I cannot foresee how detailed legislation will be in Scotland or whether it will differ from the nature of Westminster legislation. However, on the evidence that we have on the Bills that we consider I should have thought it almost essential to have a second stage, unless we can work out an entirely different approach to getting the text of Bills right before they are enacted. After they are enacted it is much more difficult to reverse them, because in order to do so new primary legislation is needed.

Lord Desai

My Lords, in the light of what the noble Lord has said, I now understand why the British economy is in such a mess—the Budget is never revised in the Second Chamber!

5 p.m.

Lord Sewel

My Lords, I should make it absolutely clear from the start that the adoption of these proposals would be incompatible with government proposals as described in the White Paper and overwhelmingly endorsed by the Scottish people in the referendum last September.

We have to ask ourselves simply: what is the purpose of the Bill? Its purpose is to lay down the structure, function and powers of a Scottish parliament. We have reached that stage after a long process, indicated and alluded to by the noble Lord, Lord Thomson of Monifieth; namely, the work of the constitutional convention and the commission that worked with it. The proposals that came out of that consultation were clearly set out in the White Paper and endorsed by the electorate. So there is agreement in Scotland about the structure, function and powers of a Scottish parliament.
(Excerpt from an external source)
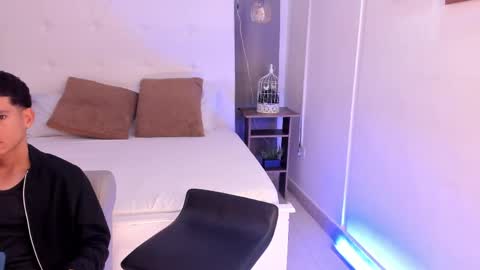 alejo_exotic online show from 19, 5, 2026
It is not as though the constitutional convention and the whole consultative process somehow put to one side the issue of a second chamber. They did not. As the noble Lord, Lord Thomson of Monifieth, reminded us, they deliberately examined the case for a second chamber. They studied it, scrutinised it, and rejected it. I believe that they were right to do so.

The Earl of Lauderdale

My Lords, I thank the Minister for giving way. He mentioned that the referendum endorsed proposals for the Scottish parliament. The referendum was not on the question of whether the parliament should be a single chamber or bicameral. The Scottish public have never been consulted on the matter. They have no idea.

Lord Sewel

My Lords, I am afraid the noble Earl is in error on that point. In the referendum the Scottish people were asked to endorse the proposals contained in the White Paper. It was not a minor publication which came out at dead of night and was forgotten. At the time it was a best-seller in Scottish bookshops and the biggest seller that Her Majesty's Stationery Office in Scotland has ever had. The scheme was explicit. It was subject to debate in the Scottish media. People knew what they were buying. There was no doubt at all that the people of Scotland knew in detail the type of parliament that they were being invited to endorse.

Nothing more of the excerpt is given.